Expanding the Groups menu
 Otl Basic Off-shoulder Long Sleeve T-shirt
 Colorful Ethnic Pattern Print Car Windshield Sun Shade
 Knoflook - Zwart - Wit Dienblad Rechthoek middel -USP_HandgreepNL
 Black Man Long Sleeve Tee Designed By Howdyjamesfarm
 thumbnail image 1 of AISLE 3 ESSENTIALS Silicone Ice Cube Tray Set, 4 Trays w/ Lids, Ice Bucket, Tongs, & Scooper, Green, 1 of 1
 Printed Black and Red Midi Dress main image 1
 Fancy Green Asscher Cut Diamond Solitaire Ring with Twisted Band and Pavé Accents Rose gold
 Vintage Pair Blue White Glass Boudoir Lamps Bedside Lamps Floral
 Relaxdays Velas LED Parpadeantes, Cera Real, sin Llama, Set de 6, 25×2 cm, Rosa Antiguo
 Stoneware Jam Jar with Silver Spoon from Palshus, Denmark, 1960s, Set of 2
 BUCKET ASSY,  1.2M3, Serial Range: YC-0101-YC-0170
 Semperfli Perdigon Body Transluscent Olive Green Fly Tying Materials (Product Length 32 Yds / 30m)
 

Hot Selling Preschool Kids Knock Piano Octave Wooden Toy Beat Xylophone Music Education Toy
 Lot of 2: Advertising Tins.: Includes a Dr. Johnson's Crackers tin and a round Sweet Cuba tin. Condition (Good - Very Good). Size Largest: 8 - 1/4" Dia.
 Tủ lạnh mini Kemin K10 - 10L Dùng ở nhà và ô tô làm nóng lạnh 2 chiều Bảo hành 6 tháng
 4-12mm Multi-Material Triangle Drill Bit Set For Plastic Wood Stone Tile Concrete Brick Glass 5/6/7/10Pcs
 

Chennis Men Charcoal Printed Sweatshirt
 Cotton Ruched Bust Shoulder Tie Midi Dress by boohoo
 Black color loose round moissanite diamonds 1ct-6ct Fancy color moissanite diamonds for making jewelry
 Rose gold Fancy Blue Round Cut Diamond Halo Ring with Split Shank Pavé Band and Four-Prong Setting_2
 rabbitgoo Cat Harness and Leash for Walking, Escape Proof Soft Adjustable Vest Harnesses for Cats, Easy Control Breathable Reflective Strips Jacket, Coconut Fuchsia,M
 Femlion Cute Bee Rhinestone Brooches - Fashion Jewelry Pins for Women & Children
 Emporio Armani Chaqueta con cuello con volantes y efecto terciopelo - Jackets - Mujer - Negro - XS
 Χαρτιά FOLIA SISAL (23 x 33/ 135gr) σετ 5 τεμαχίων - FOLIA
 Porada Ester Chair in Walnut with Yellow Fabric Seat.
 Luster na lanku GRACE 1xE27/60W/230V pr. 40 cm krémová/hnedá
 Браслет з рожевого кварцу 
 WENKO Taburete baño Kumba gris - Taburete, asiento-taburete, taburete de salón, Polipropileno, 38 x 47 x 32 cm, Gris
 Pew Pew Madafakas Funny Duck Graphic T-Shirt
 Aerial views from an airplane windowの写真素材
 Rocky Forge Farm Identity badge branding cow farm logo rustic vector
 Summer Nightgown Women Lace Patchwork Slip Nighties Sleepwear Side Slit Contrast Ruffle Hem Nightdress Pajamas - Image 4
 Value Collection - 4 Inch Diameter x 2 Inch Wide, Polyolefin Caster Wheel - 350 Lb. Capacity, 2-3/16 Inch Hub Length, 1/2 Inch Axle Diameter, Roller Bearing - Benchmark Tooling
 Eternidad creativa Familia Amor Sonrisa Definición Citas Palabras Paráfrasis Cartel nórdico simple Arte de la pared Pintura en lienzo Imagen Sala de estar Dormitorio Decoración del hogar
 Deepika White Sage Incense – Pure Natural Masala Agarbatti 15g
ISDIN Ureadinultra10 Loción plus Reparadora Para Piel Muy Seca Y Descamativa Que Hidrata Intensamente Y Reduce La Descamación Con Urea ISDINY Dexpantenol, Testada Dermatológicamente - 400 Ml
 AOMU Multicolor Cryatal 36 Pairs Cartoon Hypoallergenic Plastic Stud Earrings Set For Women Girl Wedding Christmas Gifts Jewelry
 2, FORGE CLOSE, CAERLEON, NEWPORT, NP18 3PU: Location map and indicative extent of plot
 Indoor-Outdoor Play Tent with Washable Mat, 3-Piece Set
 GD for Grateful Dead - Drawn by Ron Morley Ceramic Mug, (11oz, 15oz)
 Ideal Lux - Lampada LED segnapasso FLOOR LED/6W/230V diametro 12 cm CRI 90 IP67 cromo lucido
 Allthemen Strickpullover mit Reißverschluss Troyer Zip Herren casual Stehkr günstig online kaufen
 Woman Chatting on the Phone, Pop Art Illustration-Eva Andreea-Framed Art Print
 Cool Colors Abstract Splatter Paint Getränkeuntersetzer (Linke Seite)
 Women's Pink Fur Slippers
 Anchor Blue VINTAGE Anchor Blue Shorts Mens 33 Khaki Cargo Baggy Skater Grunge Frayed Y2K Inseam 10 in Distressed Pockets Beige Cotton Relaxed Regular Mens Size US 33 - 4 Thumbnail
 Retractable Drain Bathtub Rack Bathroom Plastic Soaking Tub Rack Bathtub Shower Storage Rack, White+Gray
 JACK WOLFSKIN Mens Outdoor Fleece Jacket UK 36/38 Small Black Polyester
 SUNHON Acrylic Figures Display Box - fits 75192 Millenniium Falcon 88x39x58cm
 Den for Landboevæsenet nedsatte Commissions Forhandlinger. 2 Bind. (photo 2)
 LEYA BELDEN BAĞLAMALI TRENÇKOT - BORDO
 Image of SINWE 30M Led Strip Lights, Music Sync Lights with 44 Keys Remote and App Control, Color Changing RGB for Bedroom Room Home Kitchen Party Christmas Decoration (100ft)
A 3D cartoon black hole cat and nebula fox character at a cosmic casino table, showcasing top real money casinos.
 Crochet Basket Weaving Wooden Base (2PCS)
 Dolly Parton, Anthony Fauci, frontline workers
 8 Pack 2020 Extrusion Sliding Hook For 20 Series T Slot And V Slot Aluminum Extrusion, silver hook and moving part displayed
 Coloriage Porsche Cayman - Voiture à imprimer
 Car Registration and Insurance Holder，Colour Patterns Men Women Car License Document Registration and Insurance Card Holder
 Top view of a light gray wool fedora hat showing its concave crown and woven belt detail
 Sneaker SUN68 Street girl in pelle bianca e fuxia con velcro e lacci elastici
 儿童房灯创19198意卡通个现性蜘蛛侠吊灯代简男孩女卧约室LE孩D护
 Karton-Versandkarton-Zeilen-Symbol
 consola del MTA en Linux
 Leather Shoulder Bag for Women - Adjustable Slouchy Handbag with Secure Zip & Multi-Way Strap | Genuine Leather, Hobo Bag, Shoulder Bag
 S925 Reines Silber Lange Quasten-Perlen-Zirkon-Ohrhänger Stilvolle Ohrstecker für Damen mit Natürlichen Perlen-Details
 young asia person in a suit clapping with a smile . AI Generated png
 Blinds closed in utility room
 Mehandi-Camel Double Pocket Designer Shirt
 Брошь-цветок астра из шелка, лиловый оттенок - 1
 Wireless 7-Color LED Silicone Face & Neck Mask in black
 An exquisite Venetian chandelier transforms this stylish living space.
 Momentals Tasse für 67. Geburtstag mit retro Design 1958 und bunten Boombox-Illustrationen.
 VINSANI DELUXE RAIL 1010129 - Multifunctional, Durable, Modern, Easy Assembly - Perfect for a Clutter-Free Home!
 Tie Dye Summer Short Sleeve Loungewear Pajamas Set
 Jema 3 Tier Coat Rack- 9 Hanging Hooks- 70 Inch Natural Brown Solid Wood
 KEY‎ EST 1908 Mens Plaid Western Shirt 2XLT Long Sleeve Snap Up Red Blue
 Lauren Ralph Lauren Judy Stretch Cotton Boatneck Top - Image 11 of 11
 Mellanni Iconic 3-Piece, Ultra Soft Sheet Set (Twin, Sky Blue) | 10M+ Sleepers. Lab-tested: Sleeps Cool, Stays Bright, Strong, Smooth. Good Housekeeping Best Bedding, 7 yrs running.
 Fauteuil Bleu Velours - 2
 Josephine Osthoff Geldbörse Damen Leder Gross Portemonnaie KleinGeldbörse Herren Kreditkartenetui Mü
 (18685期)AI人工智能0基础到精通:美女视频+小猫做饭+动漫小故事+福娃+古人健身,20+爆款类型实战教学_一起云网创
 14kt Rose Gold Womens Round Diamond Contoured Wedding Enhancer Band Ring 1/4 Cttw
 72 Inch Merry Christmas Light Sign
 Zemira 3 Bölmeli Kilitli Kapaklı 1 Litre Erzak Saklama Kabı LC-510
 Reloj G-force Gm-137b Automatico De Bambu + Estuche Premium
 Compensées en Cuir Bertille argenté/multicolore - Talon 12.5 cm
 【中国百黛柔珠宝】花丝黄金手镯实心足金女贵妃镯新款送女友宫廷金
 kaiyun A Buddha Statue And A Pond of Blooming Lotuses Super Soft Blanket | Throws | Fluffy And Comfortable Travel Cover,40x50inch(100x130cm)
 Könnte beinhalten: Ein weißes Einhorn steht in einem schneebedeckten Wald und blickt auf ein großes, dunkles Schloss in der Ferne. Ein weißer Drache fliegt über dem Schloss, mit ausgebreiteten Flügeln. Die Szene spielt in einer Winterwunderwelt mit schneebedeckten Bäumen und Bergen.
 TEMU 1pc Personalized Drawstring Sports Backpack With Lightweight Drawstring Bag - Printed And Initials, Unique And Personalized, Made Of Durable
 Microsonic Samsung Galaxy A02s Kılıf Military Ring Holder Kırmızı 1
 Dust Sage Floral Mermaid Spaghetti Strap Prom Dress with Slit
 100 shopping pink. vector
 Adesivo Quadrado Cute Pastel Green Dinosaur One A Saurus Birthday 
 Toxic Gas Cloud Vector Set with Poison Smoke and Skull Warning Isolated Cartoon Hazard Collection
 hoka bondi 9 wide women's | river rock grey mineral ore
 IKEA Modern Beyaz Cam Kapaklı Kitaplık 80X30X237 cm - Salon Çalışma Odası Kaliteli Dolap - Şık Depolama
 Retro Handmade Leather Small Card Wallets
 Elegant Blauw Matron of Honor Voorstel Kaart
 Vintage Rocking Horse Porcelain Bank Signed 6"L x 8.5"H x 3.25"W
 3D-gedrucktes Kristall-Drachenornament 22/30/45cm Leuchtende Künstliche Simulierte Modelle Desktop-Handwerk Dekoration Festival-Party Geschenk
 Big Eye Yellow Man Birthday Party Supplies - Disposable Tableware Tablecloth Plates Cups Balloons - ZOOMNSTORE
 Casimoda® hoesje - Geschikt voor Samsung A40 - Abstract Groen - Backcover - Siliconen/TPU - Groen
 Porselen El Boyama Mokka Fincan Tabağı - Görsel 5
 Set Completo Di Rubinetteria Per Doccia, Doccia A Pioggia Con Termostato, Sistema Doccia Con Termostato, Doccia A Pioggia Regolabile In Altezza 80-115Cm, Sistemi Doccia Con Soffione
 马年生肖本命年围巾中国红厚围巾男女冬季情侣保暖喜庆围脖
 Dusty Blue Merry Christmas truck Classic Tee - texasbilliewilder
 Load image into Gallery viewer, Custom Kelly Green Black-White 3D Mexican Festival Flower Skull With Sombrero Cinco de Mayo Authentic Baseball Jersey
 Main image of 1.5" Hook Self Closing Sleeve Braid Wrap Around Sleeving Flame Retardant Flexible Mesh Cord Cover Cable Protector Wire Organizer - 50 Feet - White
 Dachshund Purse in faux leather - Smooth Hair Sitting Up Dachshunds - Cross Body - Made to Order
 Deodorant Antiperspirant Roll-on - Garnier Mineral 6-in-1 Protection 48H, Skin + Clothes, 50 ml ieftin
::::::::::
▸ **Task to carry out**
Search the records for the word "Card" and copy every line where it occurs.

▸ **Answer for the task**
 Car Registration and Insurance Holder，Colour Patterns Men Women Car License Document Registration and Insurance Card Holder
 Retro Handmade Leather Small Card Wallets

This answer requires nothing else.